Task goal :: Would you copy the records below, exactly and only from their first line through the line containing "Modelos a escala: LESNEY", without any pictures?

Data excerpts: Begin

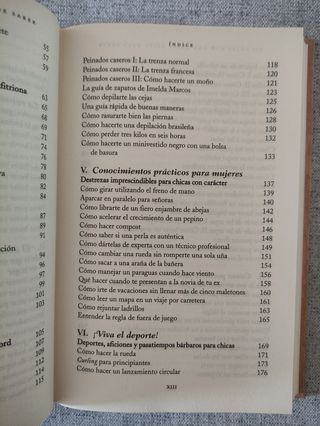 211 cosas que una chica lista debe saber (Spanish Edition)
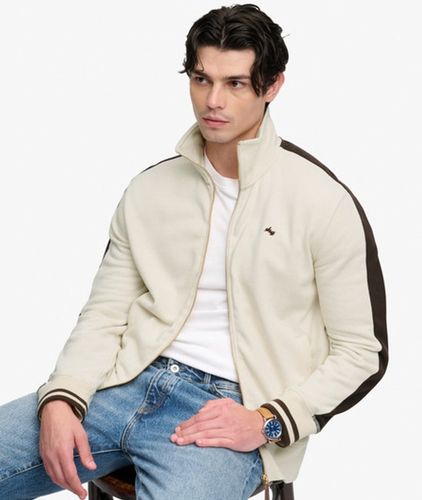 Veste de Survêtement Logo Script Coupe Décontractée Taille: S - Superdry - Modalova
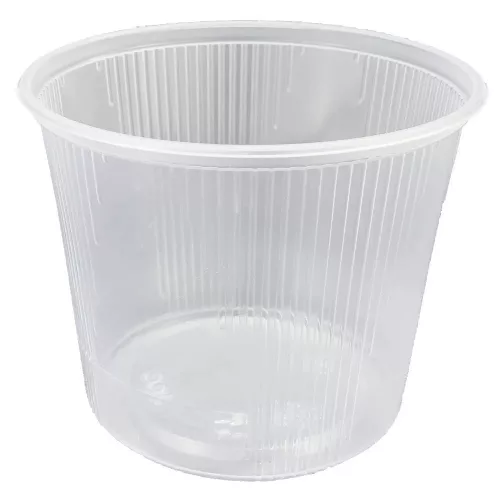 Hagner kerek tálka PP (400 ml)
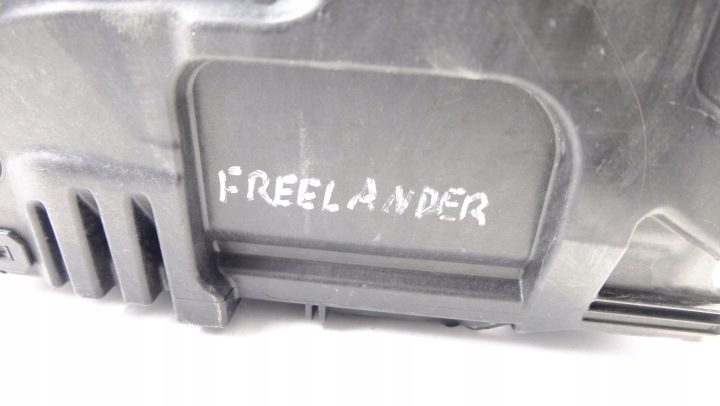 Land Rover Freelander II 2.2 площадка аккумулятора, фото 3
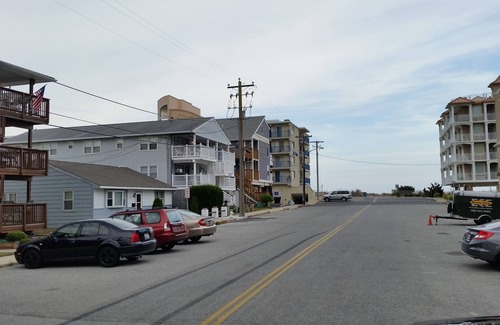 North Ocean City Condo | Family friendly 3 Bedroom Condo only one block to the Beach!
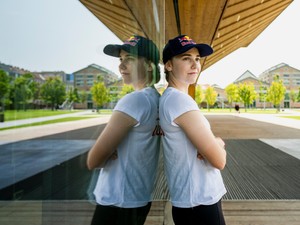 „A sminkelés gondolata soha nem dobott fel, másba fektettem az energiáimat” - Vas Kata Blankával, az egyik legeredményesebb női sportolóval beszélgettünk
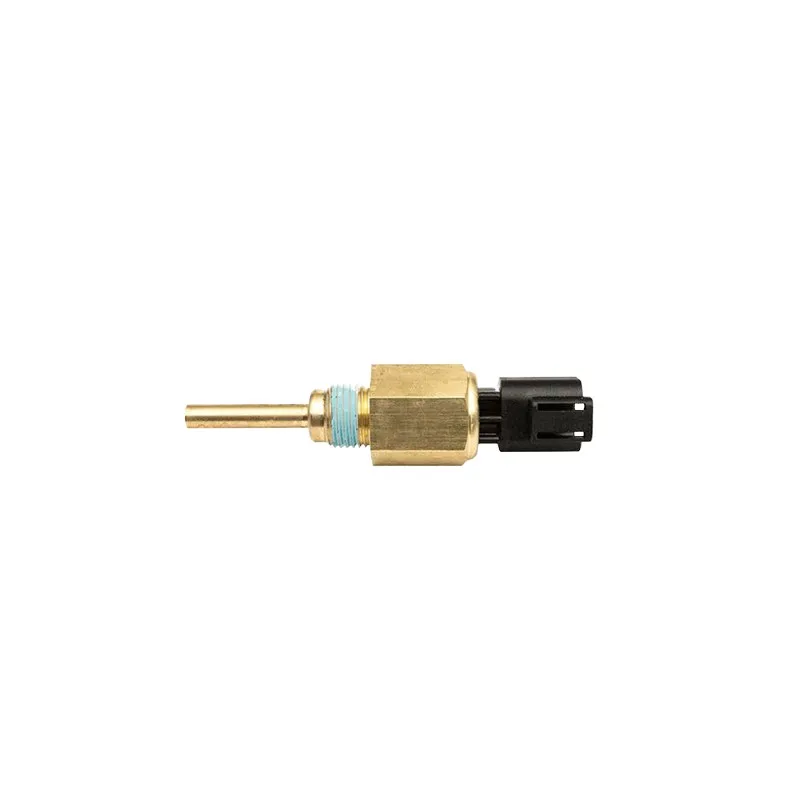 Accesorios para excavadoras de maquinaria de construcción, sensor de temperatura del agua del motor Perkins W85720580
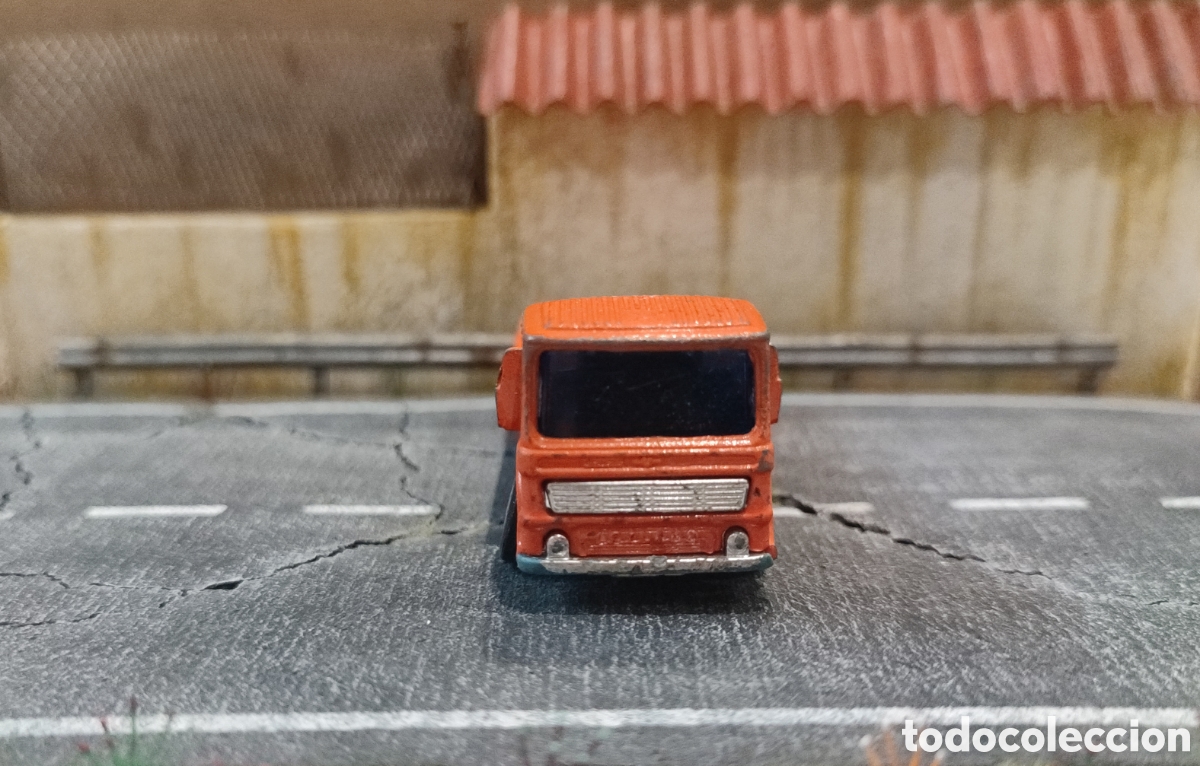 Modelos a escala: LESNEY MATCHBOX - Ergomatic Cab - Foto 2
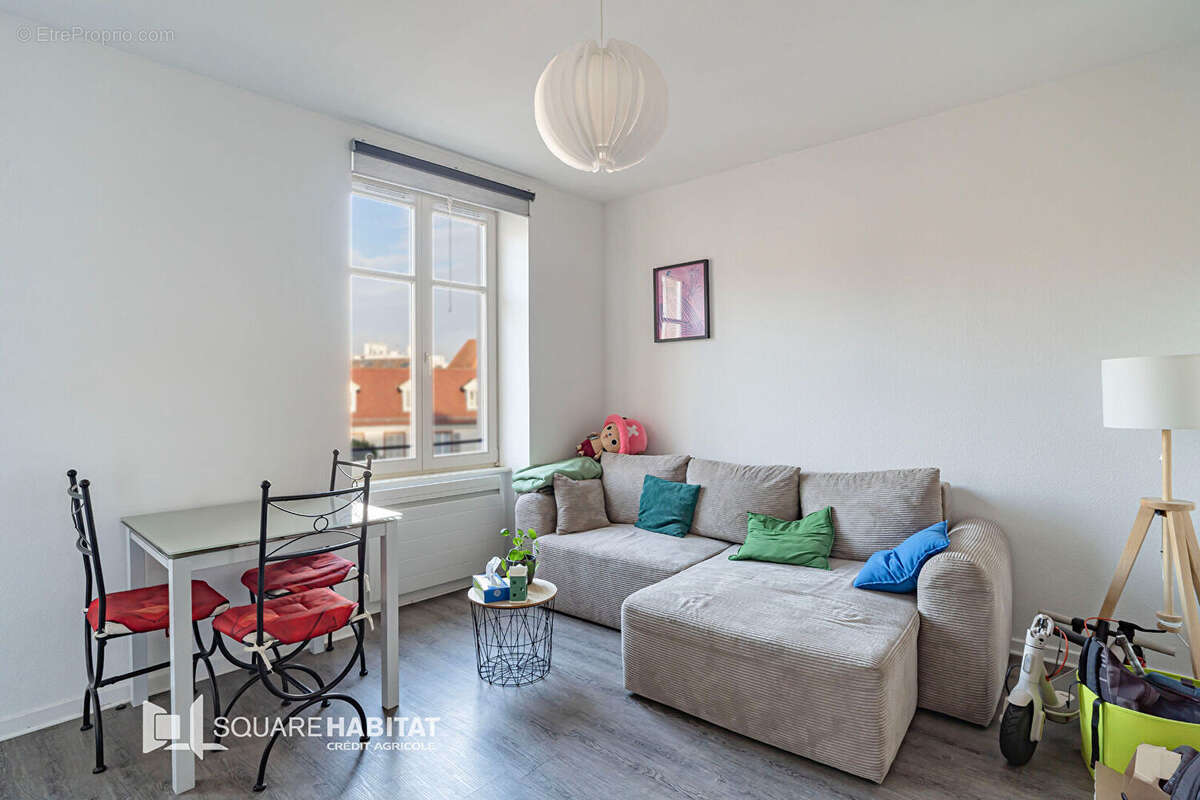 Appartement à STRASBOURG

Data excerpts: End

Response area ::
 211 cosas que una chica lista debe saber (Spanish Edition)
 Veste de Survêtement Logo Script Coupe Décontractée Taille: S - Superdry - Modalova
 Hagner kerek tálka PP (400 ml)
 Land Rover Freelander II 2.2 площадка аккумулятора, фото 3
 North Ocean City Condo | Family friendly 3 Bedroom Condo only one block to the Beach!
 „A sminkelés gondolata soha nem dobott fel, másba fektettem az energiáimat” - Vas Kata Blankával, az egyik legeredményesebb női sportolóval beszélgettünk
 Accesorios para excavadoras de maquinaria de construcción, sensor de temperatura del agua del motor Perkins W85720580
 Modelos a escala: LESNEY MATCHBOX - Ergomatic Cab - Foto 2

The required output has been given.